→ **Task data**
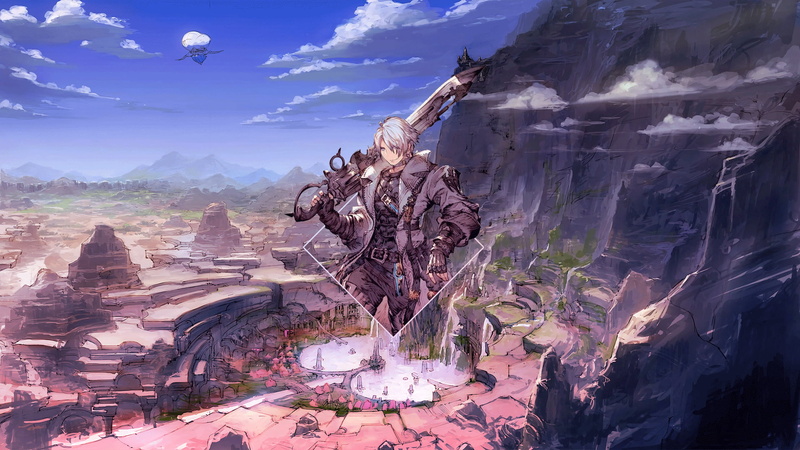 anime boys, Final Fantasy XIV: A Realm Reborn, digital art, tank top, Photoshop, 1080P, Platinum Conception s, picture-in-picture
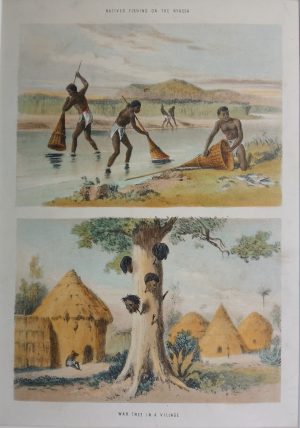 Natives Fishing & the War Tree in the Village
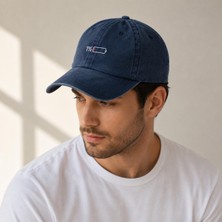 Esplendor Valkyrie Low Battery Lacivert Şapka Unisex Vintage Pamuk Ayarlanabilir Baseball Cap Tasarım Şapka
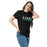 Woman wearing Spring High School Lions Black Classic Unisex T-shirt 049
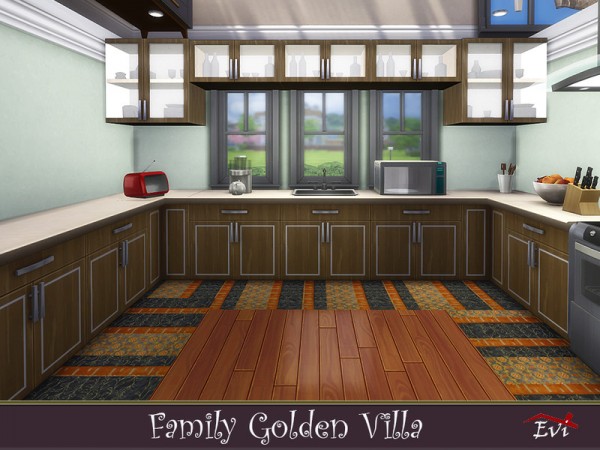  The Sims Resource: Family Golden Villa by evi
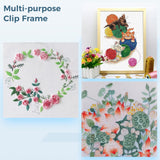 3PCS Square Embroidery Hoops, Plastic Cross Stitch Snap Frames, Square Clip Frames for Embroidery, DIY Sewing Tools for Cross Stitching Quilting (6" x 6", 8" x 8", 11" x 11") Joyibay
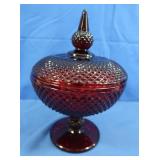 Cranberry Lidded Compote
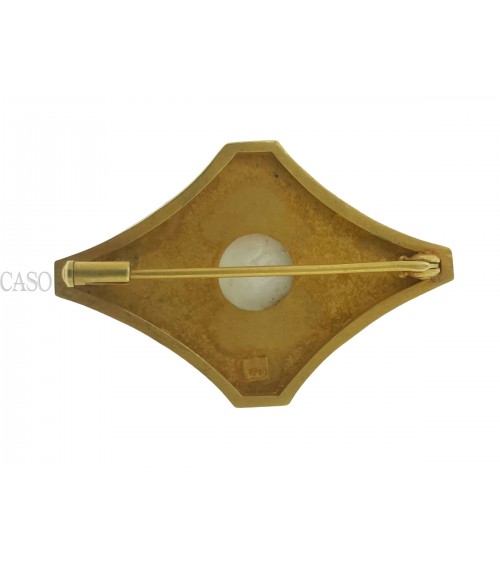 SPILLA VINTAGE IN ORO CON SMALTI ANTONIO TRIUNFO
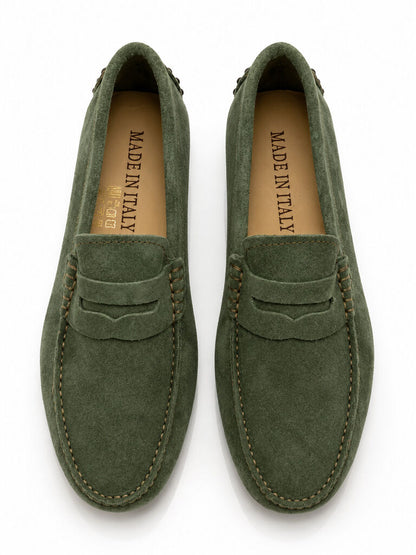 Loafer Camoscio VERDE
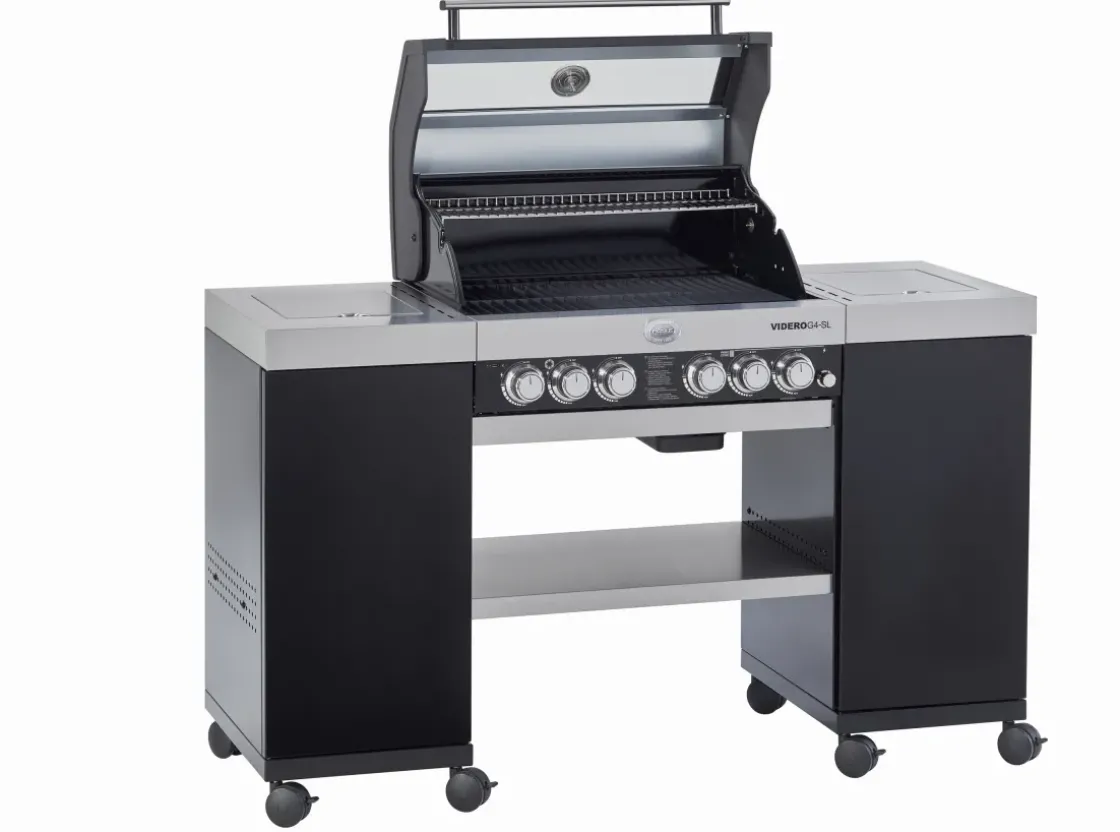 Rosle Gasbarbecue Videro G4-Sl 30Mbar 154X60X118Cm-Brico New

→ **What to work on**
Write out every entry again word for word, without any of the pictures.

→ **Worked solution**
 anime boys, Final Fantasy XIV: A Realm Reborn, digital art, tank top, Photoshop, 1080P, Platinum Conception s, picture-in-picture
 Natives Fishing & the War Tree in the Village
 Esplendor Valkyrie Low Battery Lacivert Şapka Unisex Vintage Pamuk Ayarlanabilir Baseball Cap Tasarım Şapka
 Woman wearing Spring High School Lions Black Classic Unisex T-shirt 049
  The Sims Resource: Family Golden Villa by evi
 3PCS Square Embroidery Hoops, Plastic Cross Stitch Snap Frames, Square Clip Frames for Embroidery, DIY Sewing Tools for Cross Stitching Quilting (6" x 6", 8" x 8", 11" x 11") Joyibay
 Cranberry Lidded Compote
 SPILLA VINTAGE IN ORO CON SMALTI ANTONIO TRIUNFO
 Loafer Camoscio VERDE
 Rosle Gasbarbecue Videro G4-Sl 30Mbar 154X60X118Cm-Brico New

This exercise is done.